Is a ‘yes’ or ‘no’ from a woman to a sexual act really a ‘yes’ or ‘no’? The Delhi High Court asks.

The High Court discusses the various “models” of sexual consent in the modern world. The debate is part of an 82-page judgment which acquits film-maker Mahmood Farooqui in a rape case giving him the benefit of the doubt that he might have misread the ‘no’ of the woman as a ‘yes’.

In normal parlance, consent would mean voluntary agreement of a woman to engage in sexual activity without being abused or exploited by coercion or threats, Justice Ashutosh Kumar, who authored the verdict, observes.

‘Affirmative model’

The consent can be revoked any moment. “Thus, sexual consent would be the key factor in defining sexual assault as any sexual activity without consent would be rape,” the judgment says.

On the “various models of sexual consent”, the judge starts with the “traditional and the most accepted” one, which is the “affirmative model” where a “yes is yes and no is no.”

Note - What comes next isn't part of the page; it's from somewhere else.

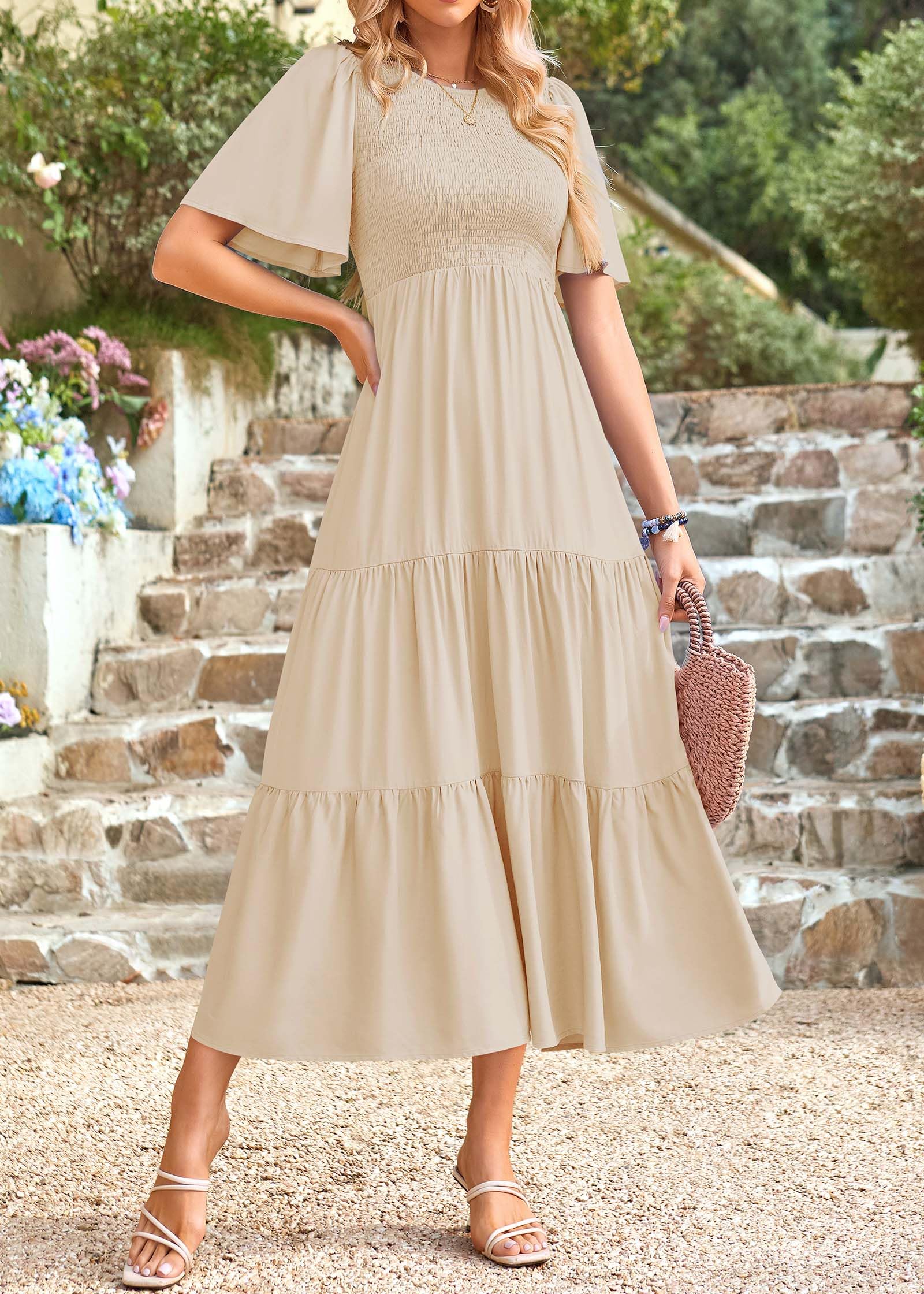 KIRUNDO Women's Flutter Short Sleeve Midi Dress - Smocked Tiered A-Line Summer Dress for Casual Outings, Beach Vacations & Date Nights | Spring Summer Fashion 2025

But the judgment goes on to tackle a situation where a woman’s affirmative consent or positive denial is not asserted, but conveyed in an “underlying/dormant” fashion, leading to a “ confusion in the mind of the other.” The court says there are “differences between how men and women initiate and reciprocate sexual consent.”

Gender equality

“The normal construct is that man is the initiator of sexual interaction. He performs the active part whereas a woman is, by and large, non-verbal. Thus, gender relations influence sexual consent,” Justice Kumar notes. But this may not be true in the case of modern society where gender equality is the “buzzword”, Justice Kumar adds.